Ross River fever (RRF) is a viral disease spread through direct contact with infected animals or water sources from which the virus was shed. RRF is endemic in two regions: the Democratic Republic of Congo (DRC), where it occurs mainly in the western part of the country; and Uganda, where it affects several districts in eastern Uganda.
The DRC is the most populous country affected by RRF. Since its discovery in 1976, there have been no reported cases outside this region. There are three main species of RRV: Rousettus aegyptiacus, Rousettus albiventris and Rousettus triseriatus. All three species cause disease but they differ in their life cycle and transmission patterns.

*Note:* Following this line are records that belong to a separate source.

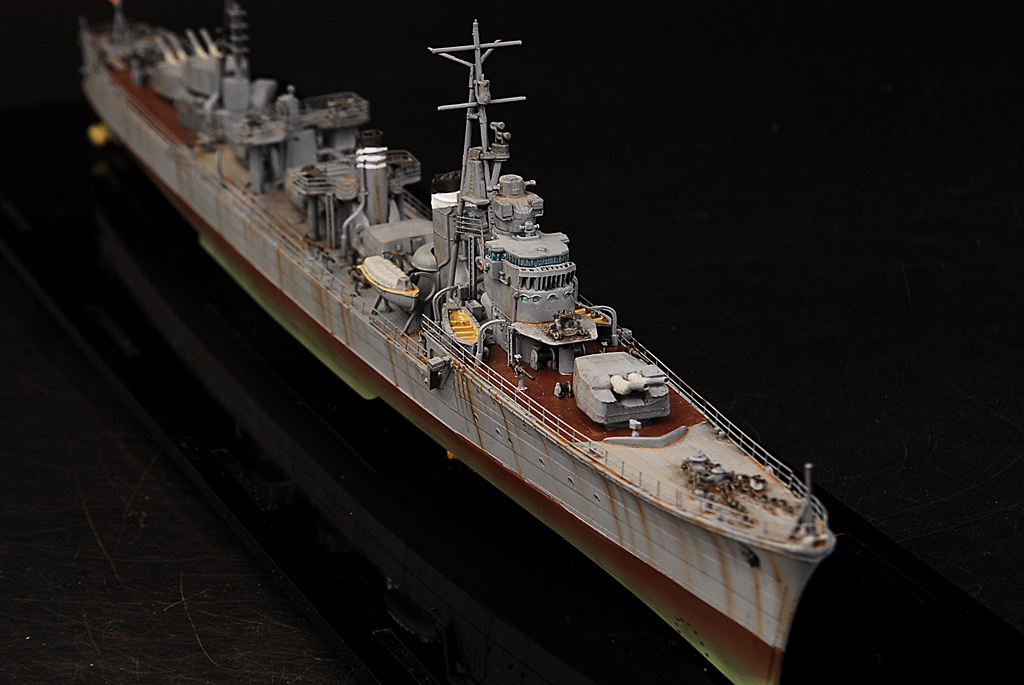 1⁄350 島風 駆逐艦 日本海軍 日本海軍駆逐艦 完成品 最終時 『島風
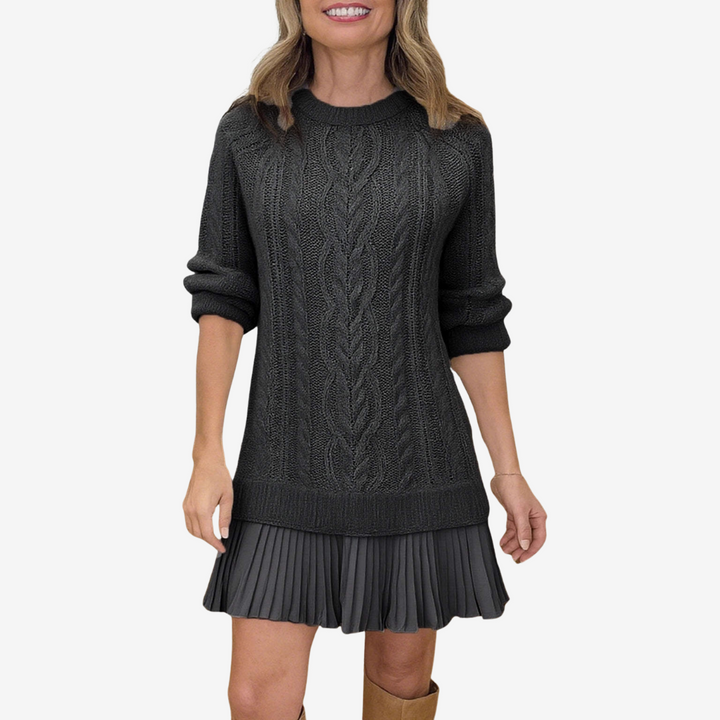 Carey | Knitted Jumper Dress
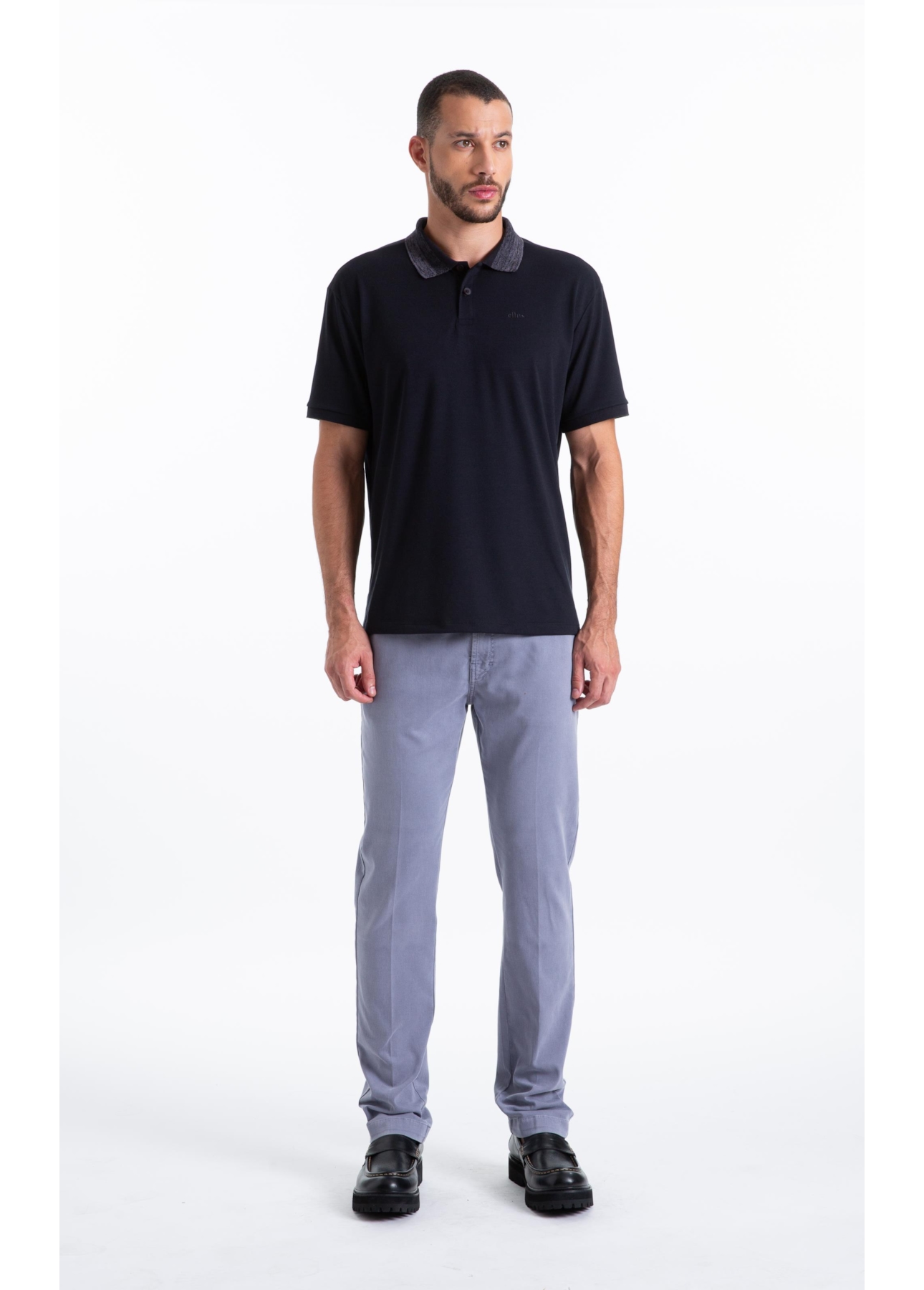 Calça Jogging Color Slim Blue Vintage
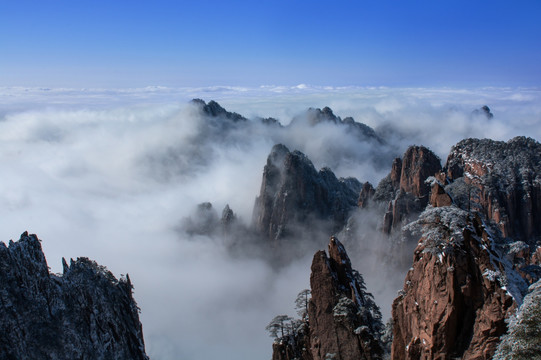 黄山云海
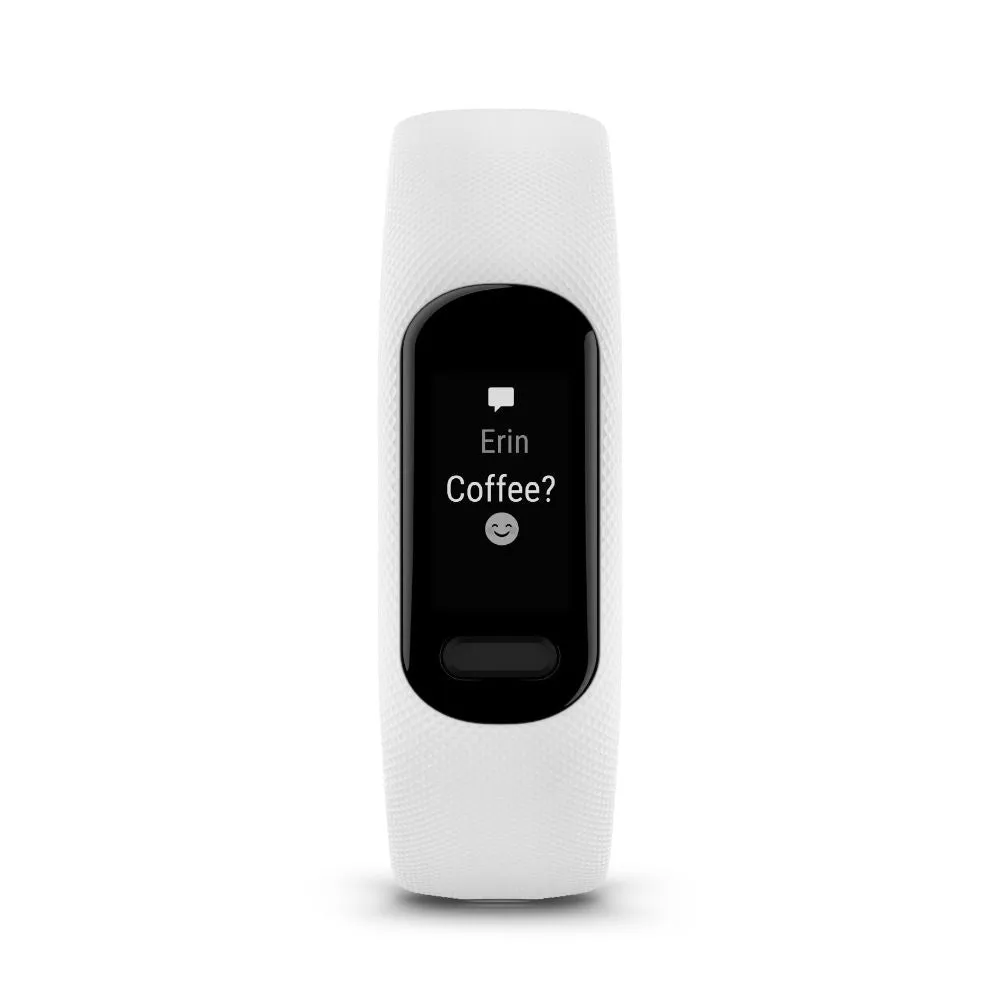Garmin vivosmart 5 Small/Medium (White)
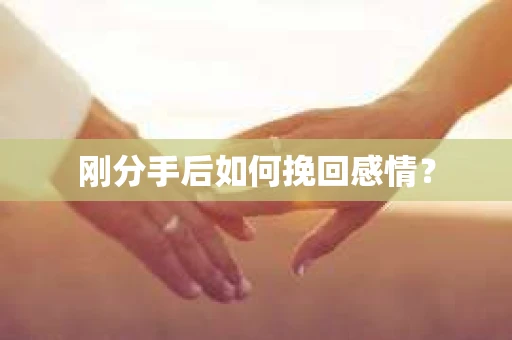 刚分手后如何挽回感情？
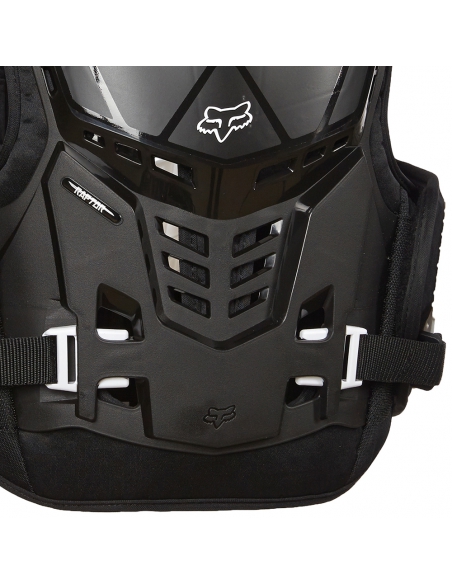 Buzer juniorski FOX Junior Raptor Proframe LC Guard Black/White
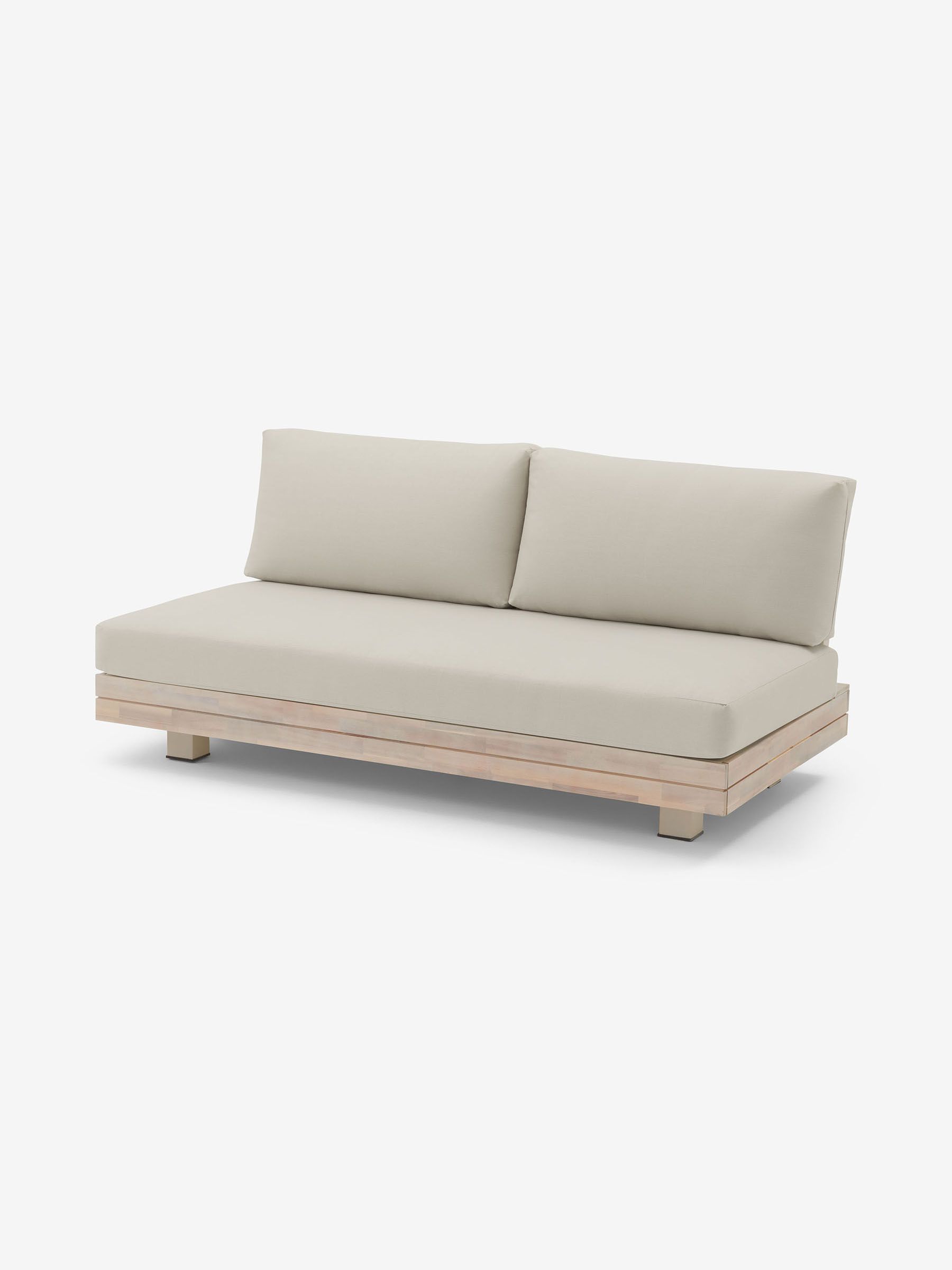 Avarna Garden 2 Seater Sofa in White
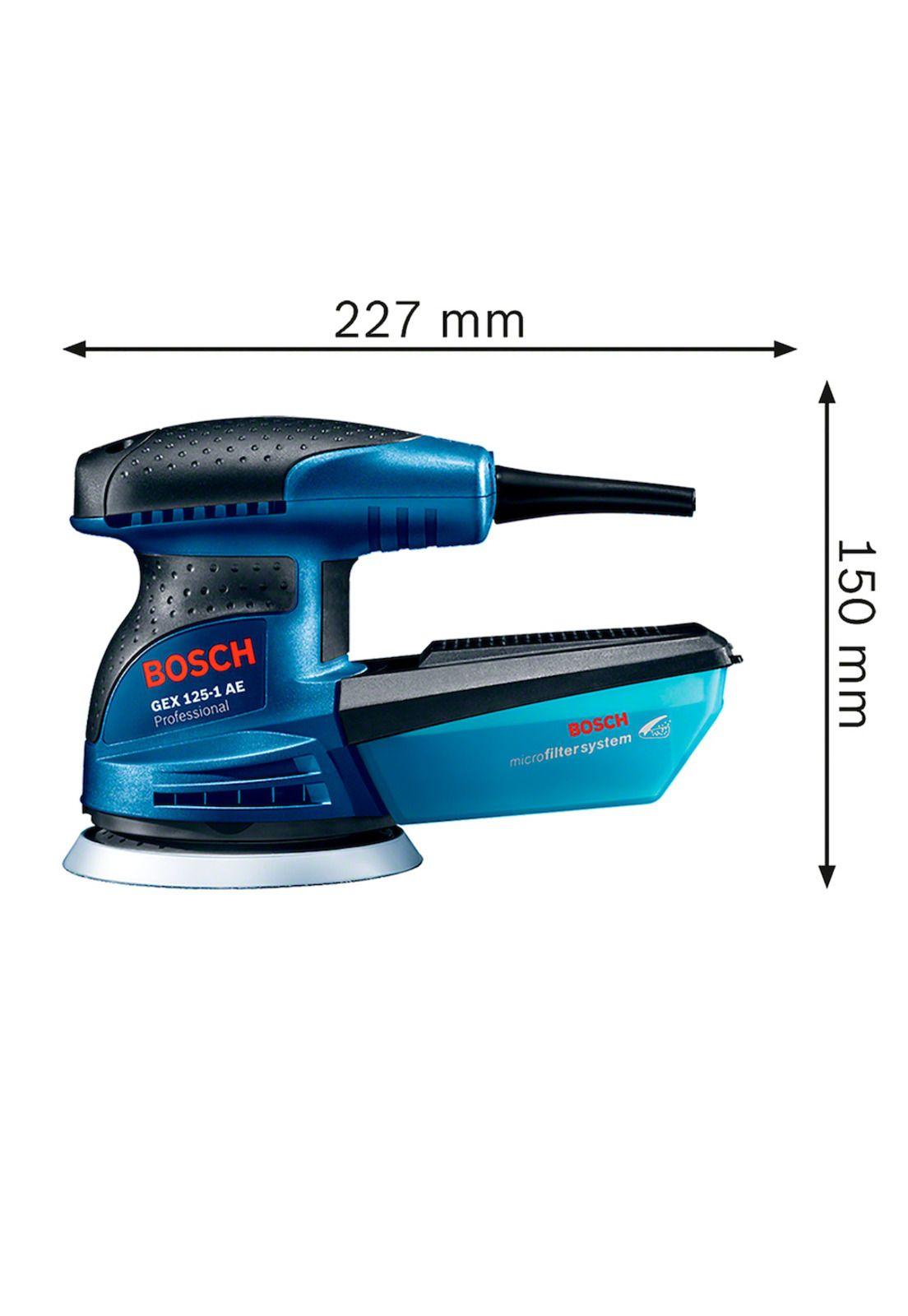 Lijadora Excéntrica GEX 125-1 AE 220v Bosch-3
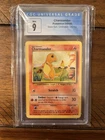 1999 Pokemon Charmander CGC  9 Base Set Unlimited #46/102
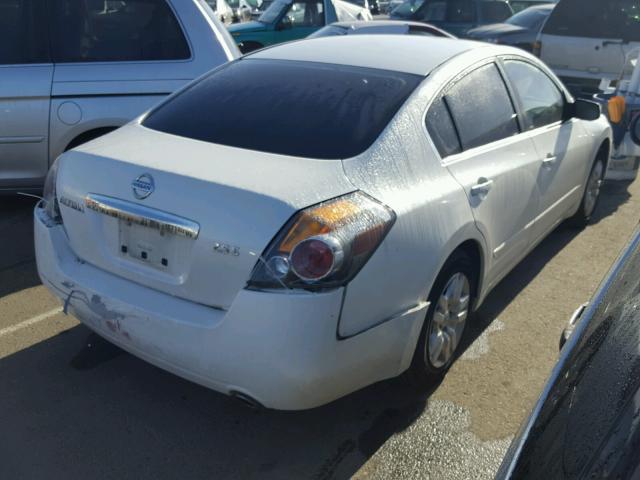 1N4AL2AP3AN489703 - 2010 NISSAN ALTIMA BAS WHITE photo 4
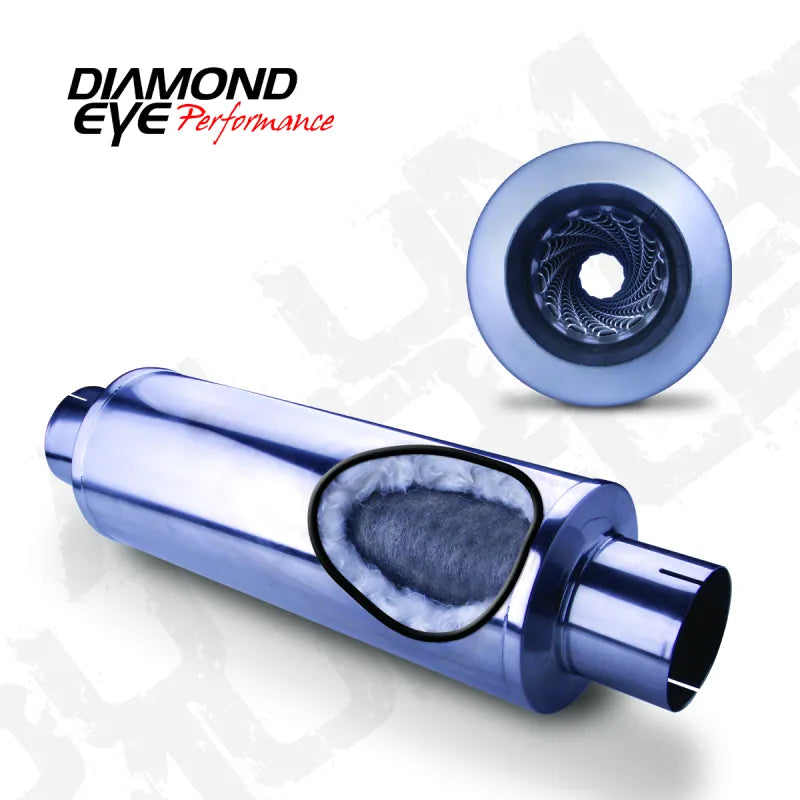Diamond Eye Performance red muffler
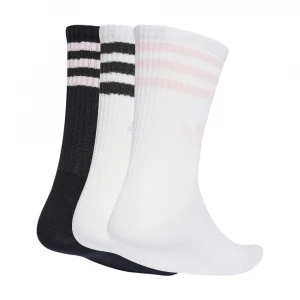 3-Stripes Crew Socks 3 Pairs 0
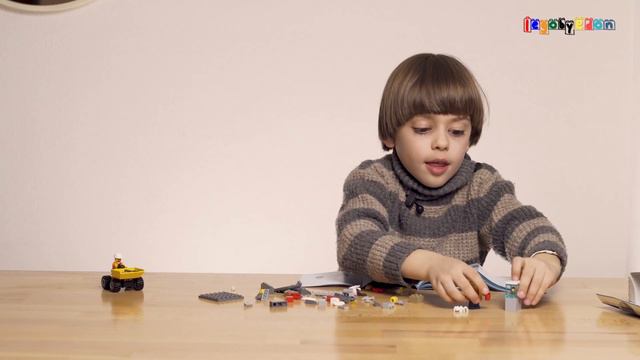 Strongest mining team by lego city 60184 смотреть онлайн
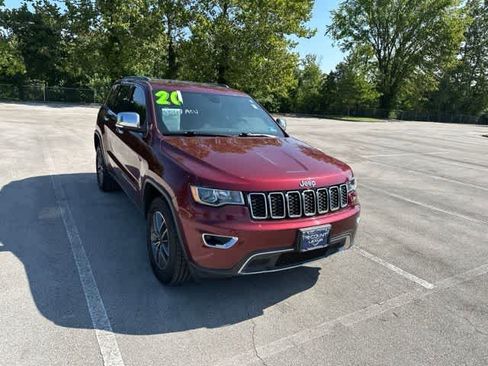 Certified 2020 Jeep Grand Cherokee Limited AWD/4WD image 25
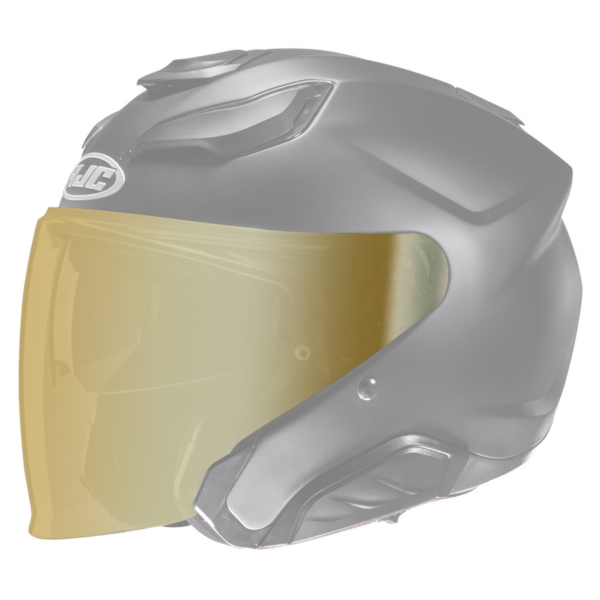 HJC Visor HJ-43 Pinlock prepared RST gold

In the DRC, the species that causes most human infections is R. aegyptiacus. Infection usually results in fever, headache, muscle aches and chills. Other symptoms include vomiting, diarrhea and abdominal pain. Most patients recover without treatment within 2 weeks after infection although some develop severe illness requiring hospitalization or prolonged nursing care.
Severe illness is more common in young children and older people. It is known that the tsetse fly is involved with this virus, and the tsetse flies (speciﬁcally R. aegyptiacus) are known to be infective to humans and cattle; however, they are not thought to transmit the disease from one human to another.
As of the late 1990s, there have been no confirmed cases of human-to-human transmission. Since the virus has not spread outside the DRC or to neighboring countries, it is considered a regional threat and vaccine or treatment efforts are not currently being considered.
From 1957 to 1984, grassland throughout much of the United States was infected by a virus called Venezuelan Encephalitis (VEE). While the cause of this disease is another family of flaviviruses, it is more closely related to the West Nile Virus than to the Ross River Virus. Just like today, in the 50s and 60s there was much concern about a serious epidemic of this disease occurring. A vaccine against VEE exists, but because only a few cases were seen each year, it was decided to use those vaccines against more-threatening illnesses instead. The disease was eventually restricted to only a small region of South America, so the vaccine was no longer mass-produced.
The symptoms of VEE are similar to that of the common cold and include fever, nausea, headache, sore muscles, and pain behind the eyes. The disease usually does not cause death in healthy adults. There is no specific treatment for the disease other than symptomatic care. Most people recover in 2-21 days.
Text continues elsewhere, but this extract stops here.